Les dinosaures du tango, par André Vagnon
Mon fauteuil…un moment de calme après le repas. A la main, une anthologie de tangos, comme alibi. Sur le tapis, quelques dinosaures en plastique verdâtre, oubliés par mon petit-fils. La lecture se ralentit, les lignes se brouillent, les yeux se ferment et je sombre.
C’est la chute du livre qui me réveille. Quel rêve bizarre ! Dinosaures et tango se fondaient étrangement. Les grosses bêtes verdâtres dansaient avec componction, la tête un peu inclinée…Le long coup des danseuses marquait le rythme d’un orchestre invisible. Une sorte de milonga paléontologique… Allons ! Soyons sérieux…pas de dinosaures dans le tango… Quoique…
Et, sans conviction, je vais pourtant farfouiller dans ma documentation.
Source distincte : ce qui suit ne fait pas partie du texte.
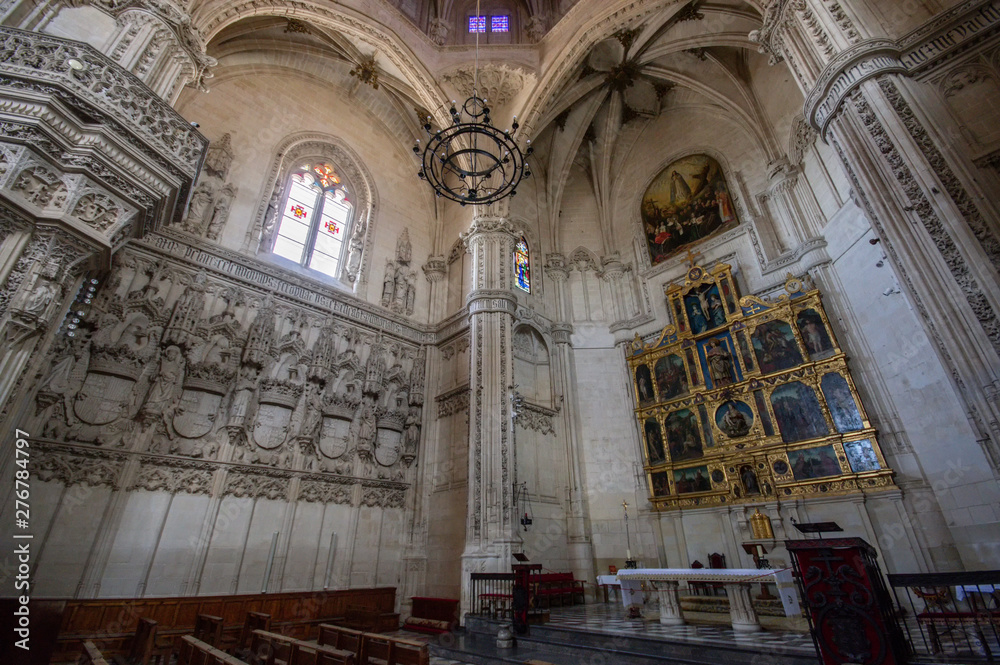 Toledo / Spain - April 30 / 2019 : internal view  of monasterio san juan de los reyes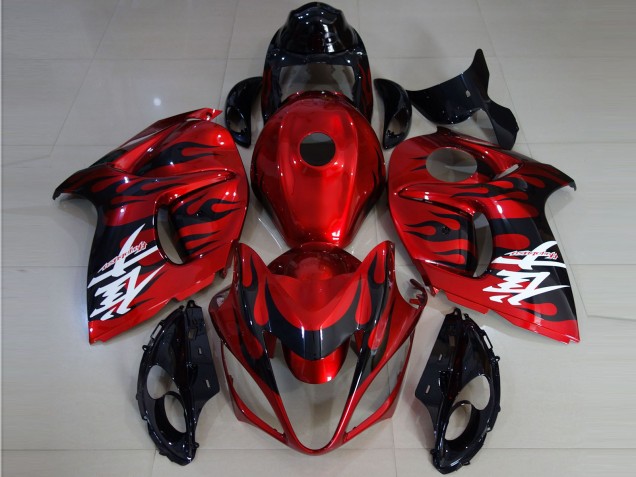 08-20 Rojo Vibrante & Llama Suzuki GSXR 1300 Carenados Moto 08-20 Rojo Vibrante & Llama Suzuki GSXR 1300 Carenados Moto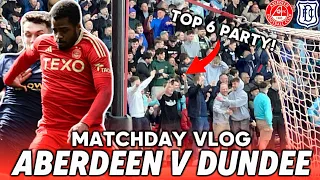 DUNDEE CLINCH TOP 6 | ABERDEEN V DUNDEE | MATCHDAY VLOG | 13/04/24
Oh surprise ! voilà un beau spécimen de plésiosaure…El Plesiosauro, tango pour piano de Fernando Randle. Et en voilà encore un autre, venu de Montevideo, Ya lo traen al Plesiosaurio, dont la légende souligne le sérieux : tango antediluviano para tango ! Et un troisième, avec des paroles, en plus : El Plesiosauro, de Rafael d’Agostino !
Mais que viennent donc faire ces bêtes monstrueuses dans le monde du tango. C’est toute une histoire.
En 1922, Clemente Onelli, directeur du jardin zoologique de Buenos Aires, reçoit, du fond de la province de Chubut, Patagonie, une lettre décrivant empreintes, fragments de peau, excréments et même silhouette aperçue d’un animal énorme. Notre directeur se rue sur ces indices et conclut qu’un plésiosaure vit encore dans les eaux d’un lac perdu du Chubut, confirmant ainsi quelques vieilles légendes indigènes.
La presse s’empare du sujet. Une expédition est préparée. Londres, avec The Times, informe l’Europe scientifique. Les Etats-Unis envoient quelques experts. On monte une souscription, à l’initiative de la SPA locale, pour ramener vivant l’animal. Bref l’effervescence médiatique est grande, et elle contamine le monde du tango qui met en musique la préoccupation du moment. C’est ainsi que le plésiosaure fait danser les milongueros.
Le 27 mars 1922, la formidable expédition est sur place. Elle cherche…en vain… Et le 1° avril 1922, Buenos Aires éclate de rire. Le plésiosaure s’est envolé, a disparu. Certains affirment qu’il est allé prendre ses quartiers d’été en Ecosse, dans le Loch Ness. D’autres suspectent Onelli d’avoir monté l’affaire pour augmenter la notoriété de son zoo.
Mais encore aujourd’hui, du côté de Bariloche, on affirme avoir aperçu, parfois, une silhouette gigantesque, dans les brumes d’un lac…
Et les dinosaures en plastique verdâtre, sur le coin du tapis, semblent me dire « Premier avril ou non, nous avons bien notre petite place dans ton univers tanguero… »
Note : Cet article doit beaucoup à la documentation de Oscar Himschoot et au n° 40, janvier 2000, de la revue Club de Tango, p 15 à 19.